Monday 21 April 2008

Venezuela: Steel nationalisation marks 'new revolution within revolution'


by Fred Fuentes
from Green Left Weekly
19 April 2008

Denouncing the "coloniser attitude" and "barbarous exploitation" of workers by the management of the Sidor steel company, Venezuelan Vice President Ramon Carrizalez announced at 1.30am on April 9 that President Hugo Chavez had decided to nationalise the company.

"This is a government that protects workers and will never take the side of a transnational company", said Carrizalez.

The decision of the Chavez government to nationalise Sidor has begun the process of returning to state hands one of the most important steel factories of Latin America, located in the heartland of Venezuela's industrial belt in Guayana.

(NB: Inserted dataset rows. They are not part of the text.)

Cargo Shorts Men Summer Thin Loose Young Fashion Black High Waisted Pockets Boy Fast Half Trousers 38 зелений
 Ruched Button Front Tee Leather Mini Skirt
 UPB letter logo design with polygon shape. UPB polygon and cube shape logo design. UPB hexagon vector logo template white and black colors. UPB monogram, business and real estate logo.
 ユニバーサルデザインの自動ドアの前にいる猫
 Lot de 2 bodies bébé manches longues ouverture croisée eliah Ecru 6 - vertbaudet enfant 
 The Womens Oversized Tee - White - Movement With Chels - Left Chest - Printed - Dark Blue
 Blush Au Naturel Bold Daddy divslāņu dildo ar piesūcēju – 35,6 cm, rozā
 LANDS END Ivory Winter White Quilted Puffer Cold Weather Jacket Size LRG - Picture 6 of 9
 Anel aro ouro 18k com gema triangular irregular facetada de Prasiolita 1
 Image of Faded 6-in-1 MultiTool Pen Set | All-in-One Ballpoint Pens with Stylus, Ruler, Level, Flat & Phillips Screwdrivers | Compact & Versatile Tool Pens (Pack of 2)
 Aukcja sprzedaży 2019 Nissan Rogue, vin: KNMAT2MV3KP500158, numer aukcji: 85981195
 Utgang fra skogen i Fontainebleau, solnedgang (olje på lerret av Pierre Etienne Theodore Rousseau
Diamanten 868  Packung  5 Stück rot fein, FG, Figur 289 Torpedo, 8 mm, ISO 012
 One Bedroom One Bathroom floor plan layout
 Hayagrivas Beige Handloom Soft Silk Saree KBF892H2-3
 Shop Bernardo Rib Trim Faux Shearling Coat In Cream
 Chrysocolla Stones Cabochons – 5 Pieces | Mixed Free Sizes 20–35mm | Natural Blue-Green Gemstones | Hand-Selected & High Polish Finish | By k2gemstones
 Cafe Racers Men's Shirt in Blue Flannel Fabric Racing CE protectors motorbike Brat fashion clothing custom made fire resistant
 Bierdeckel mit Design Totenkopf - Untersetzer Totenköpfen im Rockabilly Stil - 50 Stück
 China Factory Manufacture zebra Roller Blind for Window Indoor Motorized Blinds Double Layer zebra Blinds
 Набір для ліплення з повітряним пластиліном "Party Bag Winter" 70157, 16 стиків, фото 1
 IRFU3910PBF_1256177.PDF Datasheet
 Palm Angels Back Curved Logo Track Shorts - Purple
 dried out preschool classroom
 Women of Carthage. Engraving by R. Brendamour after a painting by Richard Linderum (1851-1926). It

Sidor was privatised in 1997, one year before Chavez was elected. The major share-holder has been an Argentinean-controlled conglomerate Techint. Since privatisation, the workforce has been slashed from around 15,000 to just over 5000 and the company has used contract labour in violation of a government decree banning the practice.

The move to re-nationalise Sidor came after more than a year of intense struggle by the Sidor workers, together with the people of Guayana, against not just Sidor management but also the policies of the local "Chavista" governor, Fransisco Rangel Gomez, and the labour minister Jose Ramon Rivero — both of whom have been accused of anti-worker actions.